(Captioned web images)
^^^^^^^^

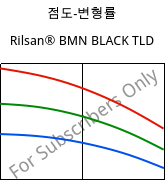 점도-변형률 , Rilsan® BMN BLACK TLD, PA11, ARKEMA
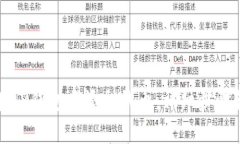 如何在TP钱包中添加代币：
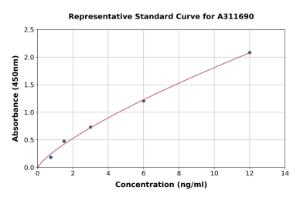 Representative standard curve for Mouse CDNF ELISA kit (A311690)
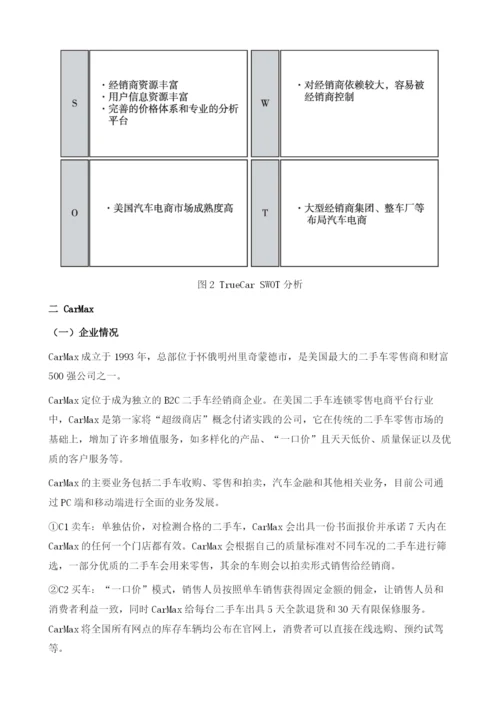 国外汽车电子商务典型企业案例解读.docx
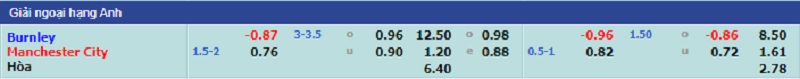 Kèo nhà cái, Tỷ lệ kèo nhà cái trận đấu giữa hai đội Burnley - Manchester City, 21h00 ngày 02/04/2022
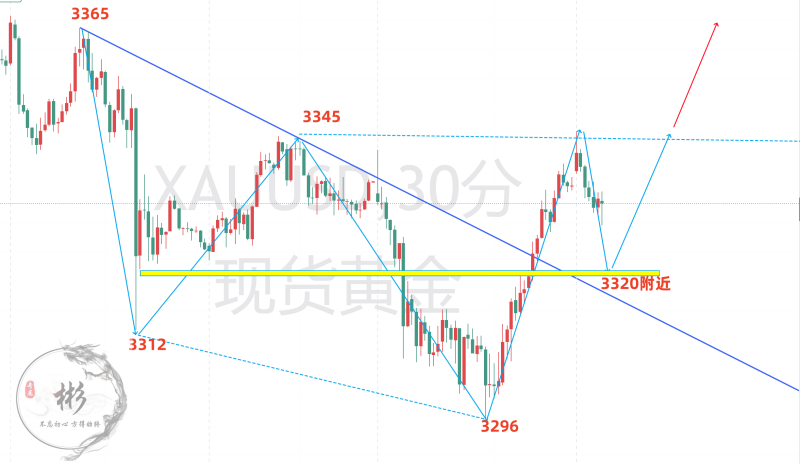 1751966278475842.png 黄金.png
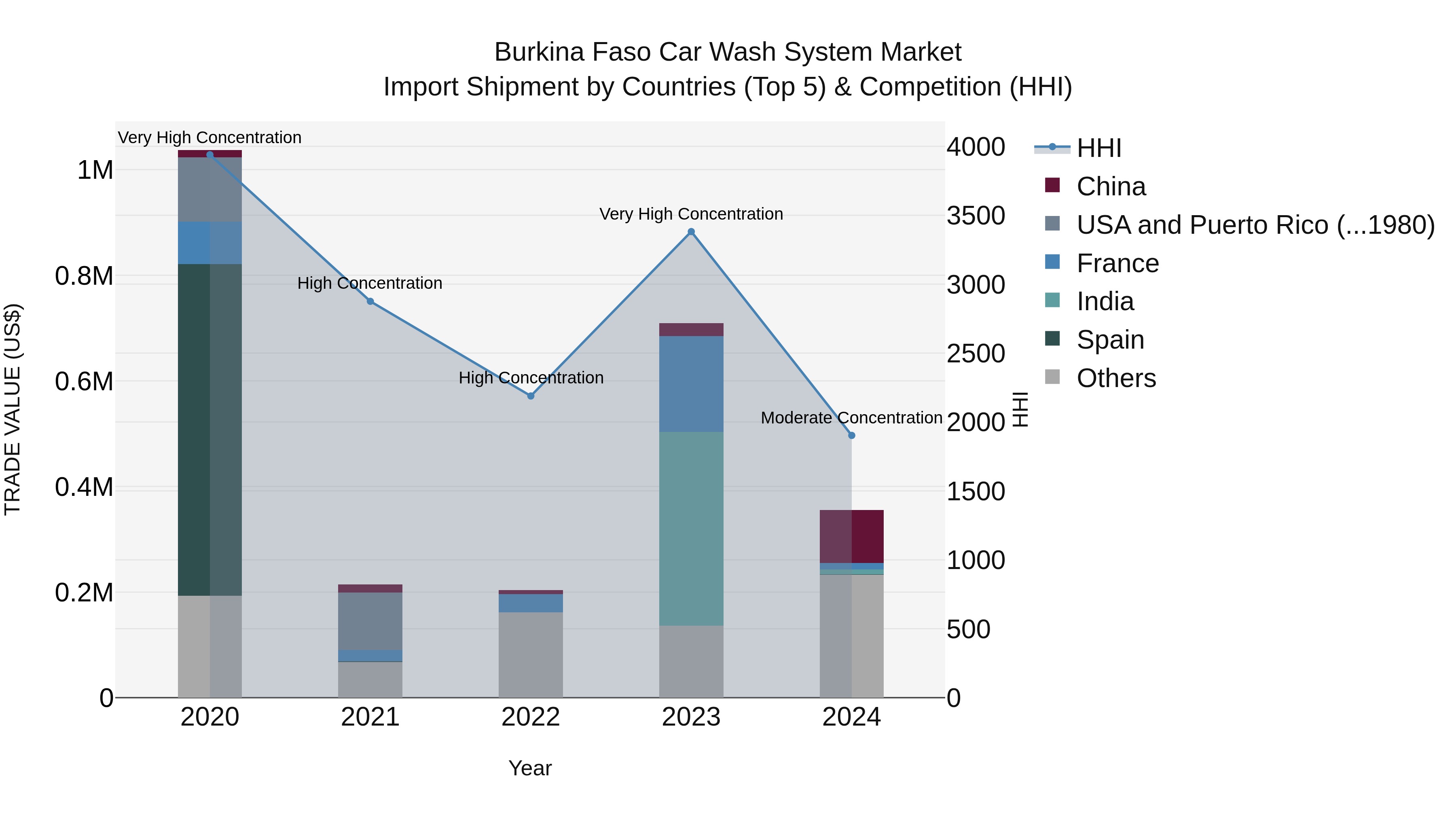 Burkina Faso Car Wash System Market Top 5 Importing Countries and Market Competition (HHI) Analysis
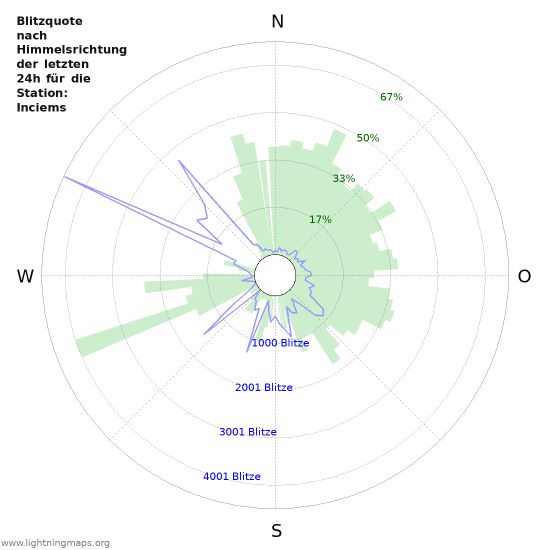 Diagramme: Blitzquote nach Himmelsrichtung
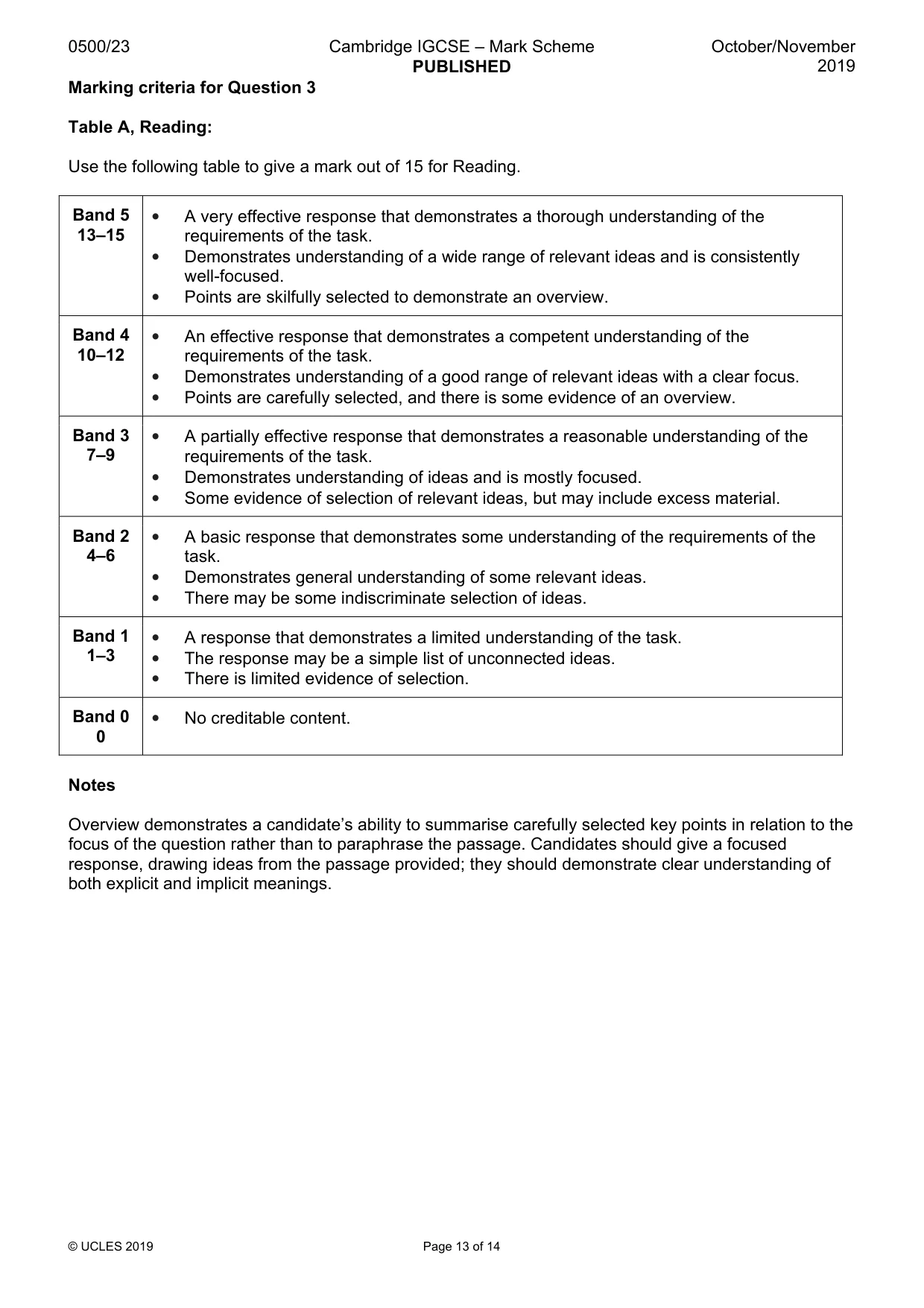 Mark scheme, page 13 of 14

^^^^^^^^

▶ [WORK INSTRUCTIONS] Copy every line above exactly; images stay out.

▶ [SOLUTION FOR THIS EXERCISE]
 점도-변형률 , Rilsan® BMN BLACK TLD, PA11, ARKEMA
 如何在TP钱包中添加代币：
 Representative standard curve for Mouse CDNF ELISA kit (A311690)
 国外汽车电子商务典型企业案例解读.docx
 Kèo nhà cái, Tỷ lệ kèo nhà cái trận đấu giữa hai đội Burnley - Manchester City, 21h00 ngày 02/04/2022
 1751966278475842.png 黄金.png
 Burkina Faso Car Wash System Market Top 5 Importing Countries and Market Competition (HHI) Analysis
 Diagramme: Blitzquote nach Himmelsrichtung
 Mark scheme, page 13 of 14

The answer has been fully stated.